The National Assembly in Phnom Penh. Source: Wikimedia
Human Rights Watch (HRW) has accused Cambodian Prime Minister Hun Sen of being involved in the case of six human rights activists charged with bribing the alleged mistress of an opposition leader.
HRW claimed the charges filed on Monday were politically motivated and part of an initiative by the authorities “to curtail domestic and international human rights monitoring in Cambodia”.
“No one should mistake these prosecutions for anything other than Prime Minister Hun Sen’s effort to undo decades of work by Cambodian groups and the UN to promote the human rights of all Cambodians,” HRW Asia director Brad Adams announced.
Four prominent activists from the Cambodian human rights group Adhoc and a former member of the National Election Committee (NEC) were imprisoned on bribery charges over a sex scandal involving deputy opposition leader Kem Sokha.
UN administrator Sally Soen was charged in absentia as an accomplice after failing to appear for questioning.
Kea Sophal, representing Adhoc, said the organisation’s four members were charged with bribing a witness, the same charge facing opposition chief Seang Chet last week for promising to pay around US$500 to the alleged mistress after the scandal erupted.
Vibol announced: “The court did not show any evidence against my clients yet. They just detained them.”
Wan-Hea Lee of the UN’s Office of the High Commissioner for Human Rights, said: “UN officials have immunity from legal processes arising from their actions undertaken in the line of duty.
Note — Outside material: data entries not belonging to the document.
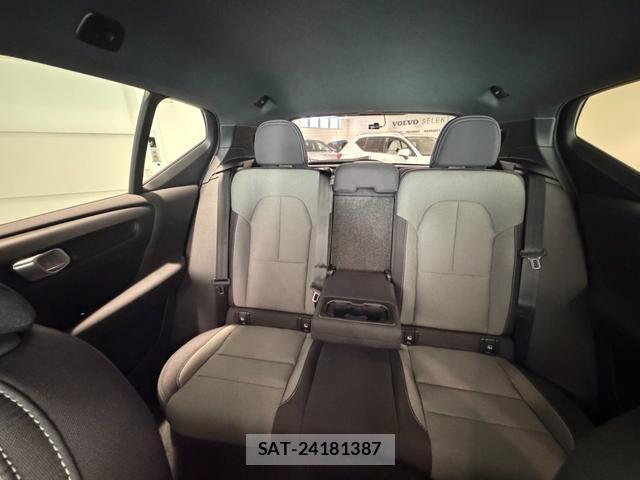 Volvo XC40 2024-09 8277680-4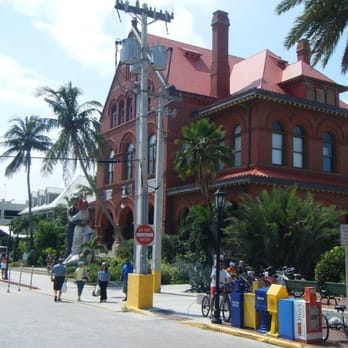 Sunset Celebration at Mallory Square - Festivals Near Me - Key West, Florida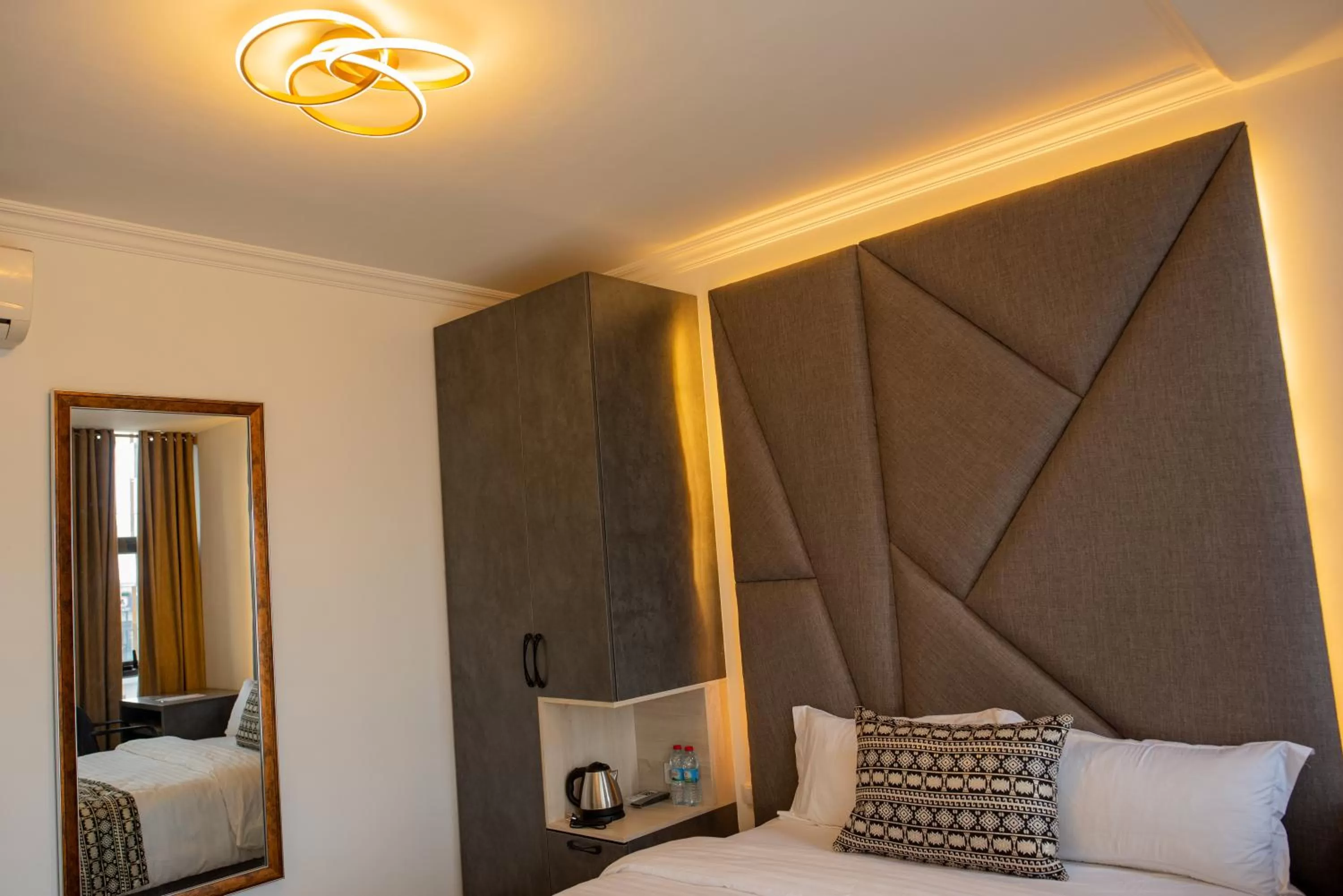 Bedroom, Bed in MERCURE HOTEL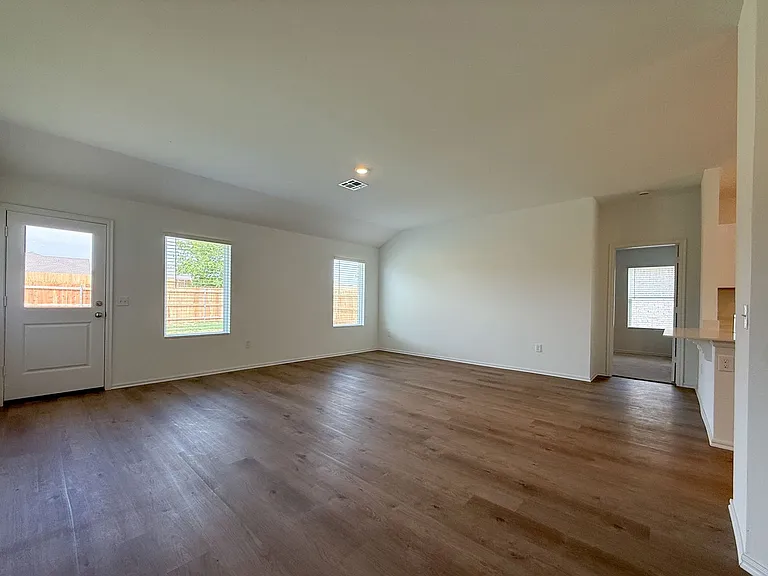16301 Harvester Dr — Photo 13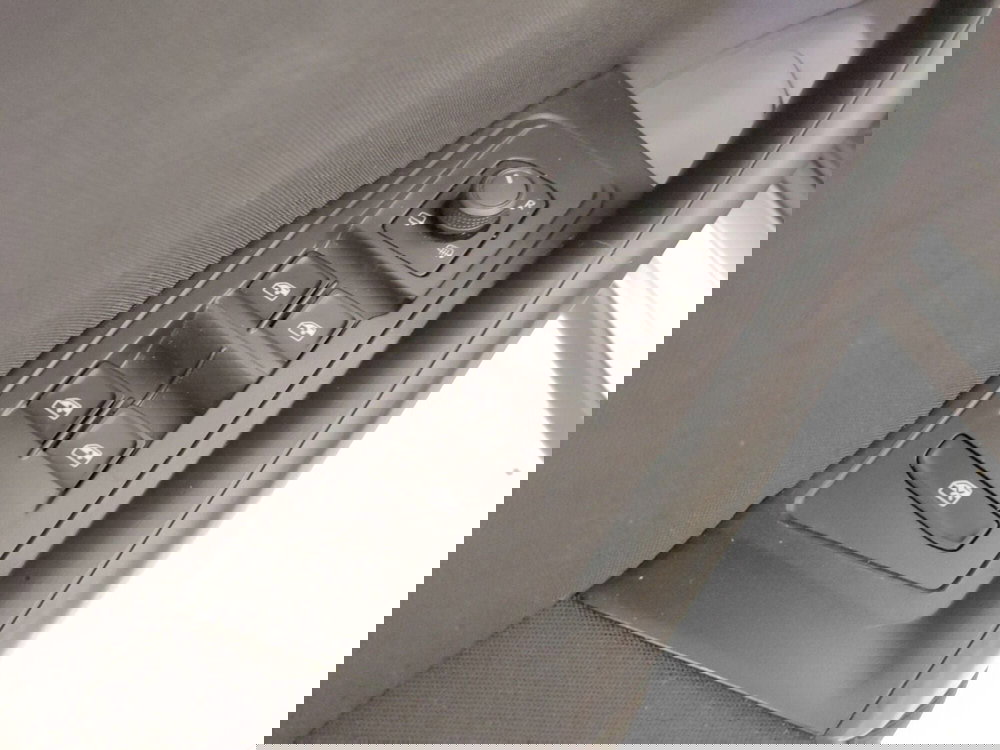 Volkswagen T-Roc usata a Napoli (10)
The UN has sent a formal response to this effect to the Royal Government, and we await a response.”
The US Embassy also said it was worried about the charges.
“The US Embassy is deeply concerned by the charges filed today by the Phnom Penh Municipal Court and is monitoring these cases closely,” embassy spokesman Jay Raman said.
EU ambassador to Cambodia George Edgar raised similar concerns: “The current political situation, including recent actions in relation to opposition members of parliament and the detention of NGO officials, will be among the issues discussed at the EU-Cambodia Joint Committee,” Edgar said. “An environment in which political parties and civil society can operate freely is an essential foundation for credible elections whose results will command legitimacy.”
A statement from 59 NGOs, including Licadho, the Cambodian Human Rights Action Committee and Cambodian Centre for Human Rights, also condemned the arrests.
“The targeting of these individuals…is the latest escalation in a far-reaching government assault on civil society ahead of upcoming local and national elections, and is a clear reprisal for support provided by rights workers in a politically sensitive case,” the statement said.
“The case is a farcical use of both the criminal justice system and state institutions as tools to intimidate, criminalise and punish the legitimate activities of human rights defenders and civil society,” it stated.